「駅の子たち」を引き取り育て続けた夫婦がいた

「駅の子たち」を引き取り育て続けた夫婦がいた(2018年8月15日 大阪局 泉谷圭保記者)

太平洋戦争では、子どもたちも被害者でした。戦争で親を失い、いわゆる戦災孤児となった子どもたちは、12万余りにのぼったとされています。
かつて大阪・島本町に、こうした孤児たちを引き取って育て上げた夫婦がいました。今も残る、夫婦の思いを取材しました。

今も残る施設の記憶

大阪の島本町にある、保育士を養成する専門学校の敷地内に、ひっそりと建つ古い建物があります。

ことし6月の大阪北部地震で被災し、屋根にはブルーシートが張られています。

実は、この建物、戦後間もない大阪で、多くの戦災孤児たちを保護した施設の名残です。

「駅の子たち」を引き取り育てる

施設を作ったのは、この場所で子どもたちの保護活動に取り組んだ、牧師の故・中村遥さんと妻の故八重子さん夫婦でした。

終戦直後の大阪駅には、戦争で身寄りを失った子どもたちがあふれていました。いわゆる戦災孤児です。

子どもたちは駅の階段や待合室などで暮らしていましたが、やせ細って、栄養失調状態の子どもも少なくありませんでした。

中村さん夫婦はたびたび大阪駅を訪れては、そんな子どもたちを引き取りました。

夫の遥さん自身が幼い頃に貧しい中で育った経験から、子どもたちを見過ごすことができなかったのです。

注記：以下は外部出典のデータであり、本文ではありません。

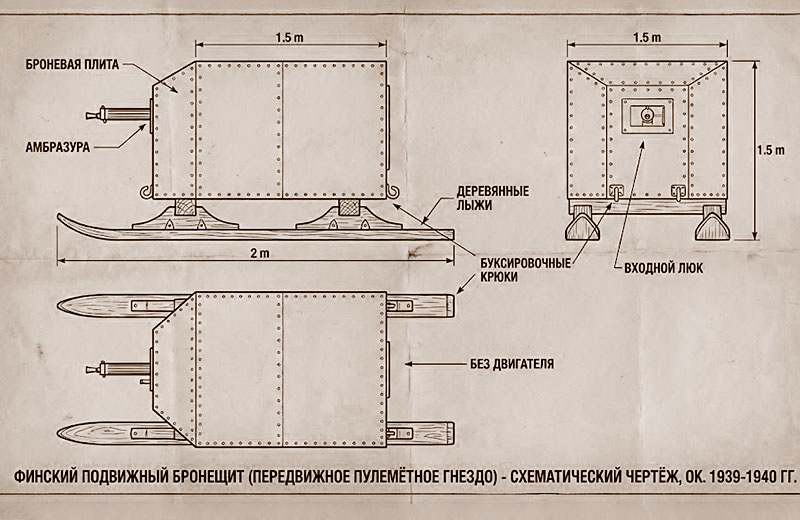 Финский подвижный бронещит - чертёж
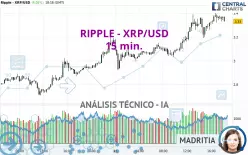 RIPPLE - XRP/USD - 15 min.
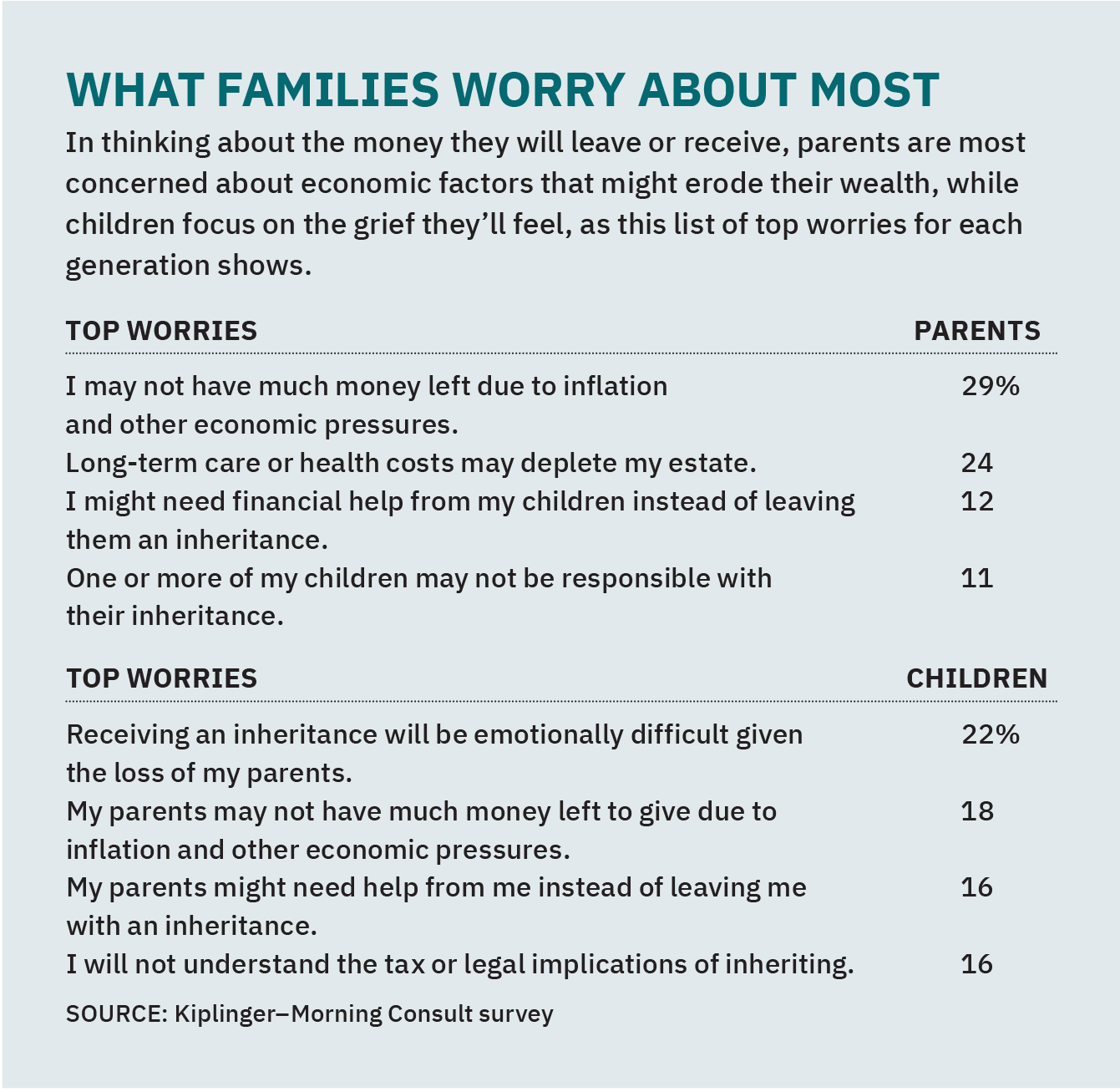 A graph showing results of a survey question about what families worry about around inheritance.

保育士専門学校の理事を務める延原正海さんは、生前の遥さんから、子どもたちの保護にかける覚悟の言葉を聞いていました。

大阪水上隣保館 延原正海理事:
「『子どもたちのためだったら人の股の下もくぐる』とおっしゃっていました。施設の子どもたちを自分の子どもとして受け止め、本当に強い思い入れを持っていました」

食事の確保に奔走

中村さん夫婦に育てられた戦災孤児の1人で、現在、鳥取県に住む荒川義治さん(80歳)を訪ねました。

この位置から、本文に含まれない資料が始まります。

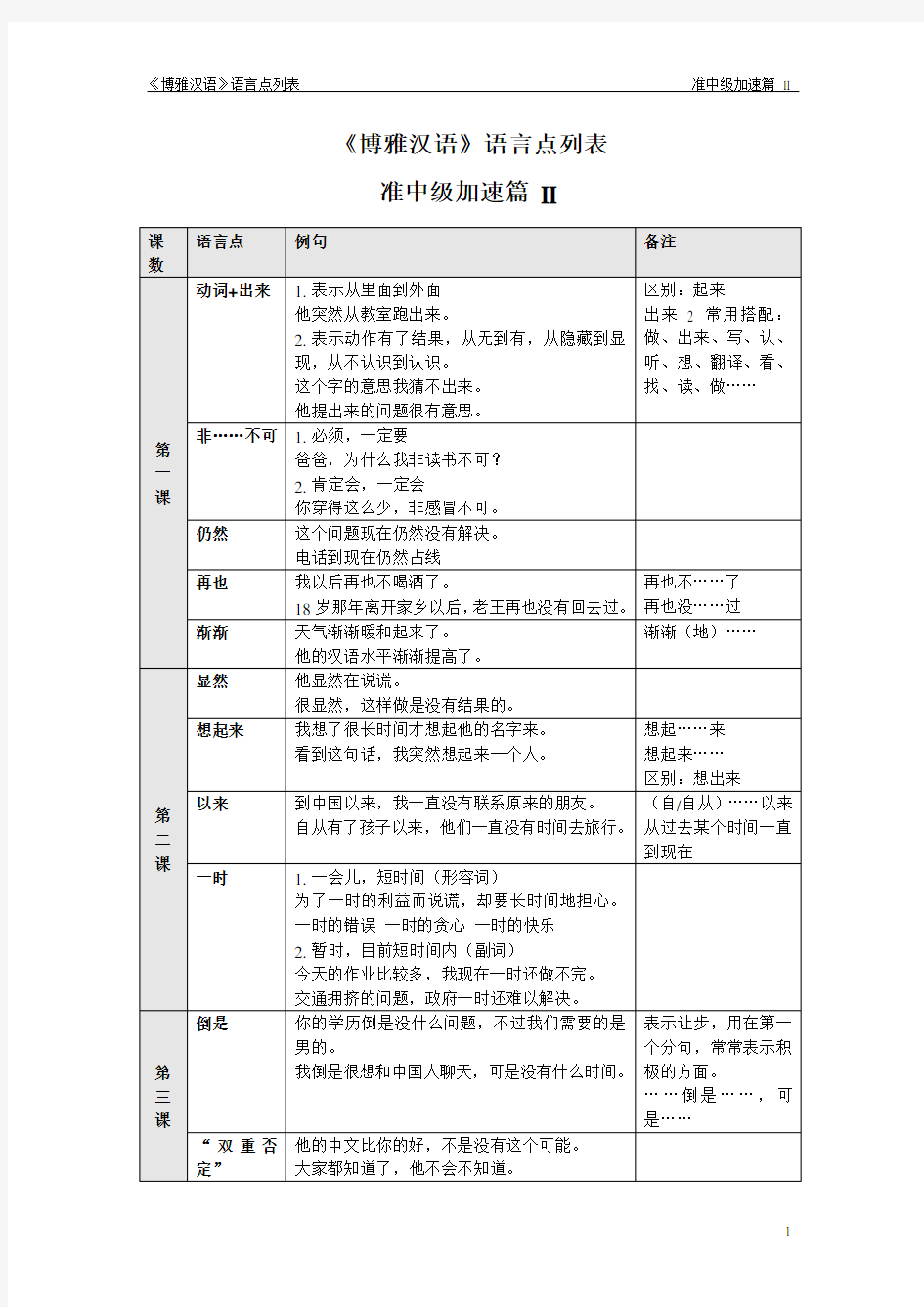 博雅汉语语法列表 准中级II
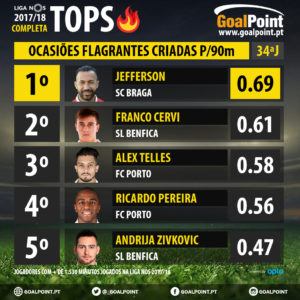 GoalPoint-Tops-Finais-15-Liga-NOS-201718-Ocasioes-Flagrantes-infog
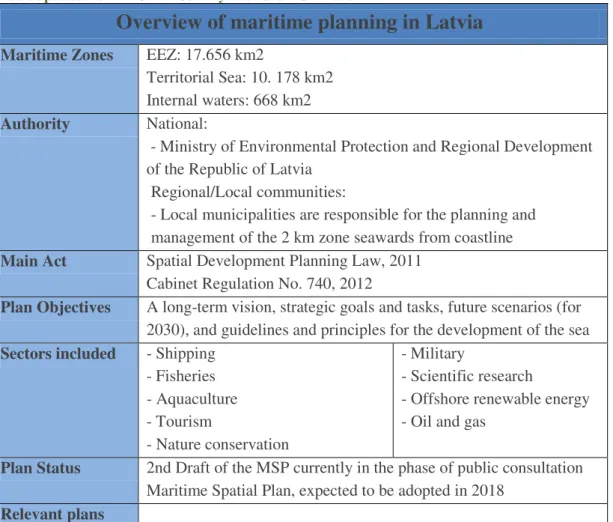 Table updated from VASAB 19  Country Fitch and MSP Platform 20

戦争で親を亡くした荒川さんは、終戦直後、行く当てがなく大阪駅で暮らしていました。

当時、7歳でした。ほかの孤児たちと一緒に大人の使い走りをしては食べ物をもらい、なんとか命をつないでいましたが、死の不安と隣り合わせの毎日でした。

荒川義治さん:
「おにぎりを2つもらったら1つはその日、食べ物にありつけなかった子どもに分け与えていました。自分のわずかな食べ物も分かち合わなければ、命がついえてしまうという危機感みたいなものを子どもなりに感じ取っていました」

そんな時に荒川さんは、中村さん夫婦に保護されました。

荒川義治さん:
「わら布団といって布の中にわらを詰めて、それがクッションのようになるんですよ。施設では、それを敷き布団の代わりにして寝ていました。意外と寝心地は悪くなかったですよ」

ただ、当時は深刻な食糧難です。中村さん夫婦は子どもたちの食事を確保するために畑を耕し、寄付金集めに奔走していました。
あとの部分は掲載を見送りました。